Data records
——————————

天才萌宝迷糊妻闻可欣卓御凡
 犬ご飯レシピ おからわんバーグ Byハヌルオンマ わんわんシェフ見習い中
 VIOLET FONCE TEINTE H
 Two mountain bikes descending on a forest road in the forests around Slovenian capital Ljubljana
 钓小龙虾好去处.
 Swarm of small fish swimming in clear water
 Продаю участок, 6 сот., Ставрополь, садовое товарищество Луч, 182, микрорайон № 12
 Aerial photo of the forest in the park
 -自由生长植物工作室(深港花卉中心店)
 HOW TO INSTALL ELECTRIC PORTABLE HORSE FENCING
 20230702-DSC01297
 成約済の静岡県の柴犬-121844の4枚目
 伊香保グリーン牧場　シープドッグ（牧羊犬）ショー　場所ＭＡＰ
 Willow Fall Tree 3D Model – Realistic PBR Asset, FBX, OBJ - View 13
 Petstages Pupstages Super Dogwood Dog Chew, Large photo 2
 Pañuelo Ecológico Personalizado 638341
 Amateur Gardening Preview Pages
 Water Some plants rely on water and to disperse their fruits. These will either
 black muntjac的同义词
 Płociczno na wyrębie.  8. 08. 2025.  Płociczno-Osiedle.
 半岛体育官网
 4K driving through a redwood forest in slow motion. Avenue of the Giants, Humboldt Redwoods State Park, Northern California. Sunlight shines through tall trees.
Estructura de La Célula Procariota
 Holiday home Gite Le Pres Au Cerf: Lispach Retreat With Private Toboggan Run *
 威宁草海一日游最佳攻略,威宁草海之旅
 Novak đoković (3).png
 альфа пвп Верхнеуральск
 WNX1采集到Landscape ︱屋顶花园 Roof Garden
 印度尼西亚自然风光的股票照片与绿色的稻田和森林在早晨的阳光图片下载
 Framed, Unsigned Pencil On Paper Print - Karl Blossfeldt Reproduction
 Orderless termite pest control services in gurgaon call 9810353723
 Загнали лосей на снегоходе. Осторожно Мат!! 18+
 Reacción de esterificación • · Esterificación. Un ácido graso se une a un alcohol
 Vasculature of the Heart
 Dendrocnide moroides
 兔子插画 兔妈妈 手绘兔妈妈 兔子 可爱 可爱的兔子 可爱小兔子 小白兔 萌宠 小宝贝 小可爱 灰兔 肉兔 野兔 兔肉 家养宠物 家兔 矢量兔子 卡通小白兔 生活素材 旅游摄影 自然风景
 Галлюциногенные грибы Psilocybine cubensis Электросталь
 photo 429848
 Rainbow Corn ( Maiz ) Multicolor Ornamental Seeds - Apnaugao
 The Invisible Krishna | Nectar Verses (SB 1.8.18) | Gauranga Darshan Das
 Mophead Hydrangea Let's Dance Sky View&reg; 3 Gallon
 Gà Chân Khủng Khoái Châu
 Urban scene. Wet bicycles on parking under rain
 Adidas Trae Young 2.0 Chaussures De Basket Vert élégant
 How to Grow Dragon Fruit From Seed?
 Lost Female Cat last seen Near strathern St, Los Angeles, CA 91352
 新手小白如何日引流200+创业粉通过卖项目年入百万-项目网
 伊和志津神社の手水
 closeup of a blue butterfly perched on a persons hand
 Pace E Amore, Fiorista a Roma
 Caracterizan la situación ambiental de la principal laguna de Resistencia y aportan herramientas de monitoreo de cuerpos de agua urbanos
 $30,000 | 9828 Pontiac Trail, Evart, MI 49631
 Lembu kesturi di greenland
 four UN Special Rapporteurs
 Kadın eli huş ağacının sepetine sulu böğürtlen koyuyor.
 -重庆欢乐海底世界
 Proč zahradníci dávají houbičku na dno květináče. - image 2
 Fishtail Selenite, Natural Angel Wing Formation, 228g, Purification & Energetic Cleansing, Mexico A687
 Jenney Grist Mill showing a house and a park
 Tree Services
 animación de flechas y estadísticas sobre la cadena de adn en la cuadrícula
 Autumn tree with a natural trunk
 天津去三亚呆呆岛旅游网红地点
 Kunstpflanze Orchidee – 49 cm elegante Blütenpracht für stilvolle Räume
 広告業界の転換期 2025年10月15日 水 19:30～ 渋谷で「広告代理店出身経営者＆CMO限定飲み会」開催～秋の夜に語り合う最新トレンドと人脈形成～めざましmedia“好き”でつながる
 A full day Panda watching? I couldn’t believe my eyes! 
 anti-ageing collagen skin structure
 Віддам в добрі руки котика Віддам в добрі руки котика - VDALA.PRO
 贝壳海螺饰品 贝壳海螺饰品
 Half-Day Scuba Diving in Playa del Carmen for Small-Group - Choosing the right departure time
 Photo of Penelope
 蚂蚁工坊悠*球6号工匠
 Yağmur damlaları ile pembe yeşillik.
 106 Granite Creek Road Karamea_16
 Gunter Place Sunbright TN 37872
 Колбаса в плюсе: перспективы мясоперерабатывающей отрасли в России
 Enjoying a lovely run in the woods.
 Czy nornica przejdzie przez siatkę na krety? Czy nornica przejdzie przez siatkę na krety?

——————————

ACTIVITY
An identical copy of the entries above is the expected result.

ANSWER BELOW
天才萌宝迷糊妻闻可欣卓御凡
 犬ご飯レシピ おからわんバーグ Byハヌルオンマ わんわんシェフ見習い中
 VIOLET FONCE TEINTE H
 Two mountain bikes descending on a forest road in the forests around Slovenian capital Ljubljana
 钓小龙虾好去处.
 Swarm of small fish swimming in clear water
 Продаю участок, 6 сот., Ставрополь, садовое товарищество Луч, 182, микрорайон № 12
 Aerial photo of the forest in the park
 -自由生长植物工作室(深港花卉中心店)
 HOW TO INSTALL ELECTRIC PORTABLE HORSE FENCING
 20230702-DSC01297
 成約済の静岡県の柴犬-121844の4枚目
 伊香保グリーン牧場　シープドッグ（牧羊犬）ショー　場所ＭＡＰ
 Willow Fall Tree 3D Model – Realistic PBR Asset, FBX, OBJ - View 13
 Petstages Pupstages Super Dogwood Dog Chew, Large photo 2
 Pañuelo Ecológico Personalizado 638341
 Amateur Gardening Preview Pages
 Water Some plants rely on water and to disperse their fruits. These will either
 black muntjac的同义词
 Płociczno na wyrębie.  8. 08. 2025.  Płociczno-Osiedle.
 半岛体育官网
 4K driving through a redwood forest in slow motion. Avenue of the Giants, Humboldt Redwoods State Park, Northern California. Sunlight shines through tall trees.
Estructura de La Célula Procariota
 Holiday home Gite Le Pres Au Cerf: Lispach Retreat With Private Toboggan Run *
 威宁草海一日游最佳攻略,威宁草海之旅
 Novak đoković (3).png
 альфа пвп Верхнеуральск
 WNX1采集到Landscape ︱屋顶花园 Roof Garden
 印度尼西亚自然风光的股票照片与绿色的稻田和森林在早晨的阳光图片下载
 Framed, Unsigned Pencil On Paper Print - Karl Blossfeldt Reproduction
 Orderless termite pest control services in gurgaon call 9810353723
 Загнали лосей на снегоходе. Осторожно Мат!! 18+
 Reacción de esterificación • · Esterificación. Un ácido graso se une a un alcohol
 Vasculature of the Heart
 Dendrocnide moroides
 兔子插画 兔妈妈 手绘兔妈妈 兔子 可爱 可爱的兔子 可爱小兔子 小白兔 萌宠 小宝贝 小可爱 灰兔 肉兔 野兔 兔肉 家养宠物 家兔 矢量兔子 卡通小白兔 生活素材 旅游摄影 自然风景
 Галлюциногенные грибы Psilocybine cubensis Электросталь
 photo 429848
 Rainbow Corn ( Maiz ) Multicolor Ornamental Seeds - Apnaugao
 The Invisible Krishna | Nectar Verses (SB 1.8.18) | Gauranga Darshan Das
 Mophead Hydrangea Let's Dance Sky View&reg; 3 Gallon
 Gà Chân Khủng Khoái Châu
 Urban scene. Wet bicycles on parking under rain
 Adidas Trae Young 2.0 Chaussures De Basket Vert élégant
 How to Grow Dragon Fruit From Seed?
 Lost Female Cat last seen Near strathern St, Los Angeles, CA 91352
 新手小白如何日引流200+创业粉通过卖项目年入百万-项目网
 伊和志津神社の手水
 closeup of a blue butterfly perched on a persons hand
 Pace E Amore, Fiorista a Roma
 Caracterizan la situación ambiental de la principal laguna de Resistencia y aportan herramientas de monitoreo de cuerpos de agua urbanos
 $30,000 | 9828 Pontiac Trail, Evart, MI 49631
 Lembu kesturi di greenland
 four UN Special Rapporteurs
 Kadın eli huş ağacının sepetine sulu böğürtlen koyuyor.
 -重庆欢乐海底世界
 Proč zahradníci dávají houbičku na dno květináče. - image 2
 Fishtail Selenite, Natural Angel Wing Formation, 228g, Purification & Energetic Cleansing, Mexico A687
 Jenney Grist Mill showing a house and a park
 Tree Services
 animación de flechas y estadísticas sobre la cadena de adn en la cuadrícula
 Autumn tree with a natural trunk
 天津去三亚呆呆岛旅游网红地点
 Kunstpflanze Orchidee – 49 cm elegante Blütenpracht für stilvolle Räume
 広告業界の転換期 2025年10月15日 水 19:30～ 渋谷で「広告代理店出身経営者＆CMO限定飲み会」開催～秋の夜に語り合う最新トレンドと人脈形成～めざましmedia“好き”でつながる
 A full day Panda watching? I couldn’t believe my eyes! 
 anti-ageing collagen skin structure
 Віддам в добрі руки котика Віддам в добрі руки котика - VDALA.PRO
 贝壳海螺饰品 贝壳海螺饰品
 Half-Day Scuba Diving in Playa del Carmen for Small-Group - Choosing the right departure time
 Photo of Penelope
 蚂蚁工坊悠*球6号工匠
 Yağmur damlaları ile pembe yeşillik.
 106 Granite Creek Road Karamea_16
 Gunter Place Sunbright TN 37872
 Колбаса в плюсе: перспективы мясоперерабатывающей отрасли в России
 Enjoying a lovely run in the woods.
 Czy nornica przejdzie przez siatkę na krety? Czy nornica przejdzie przez siatkę na krety?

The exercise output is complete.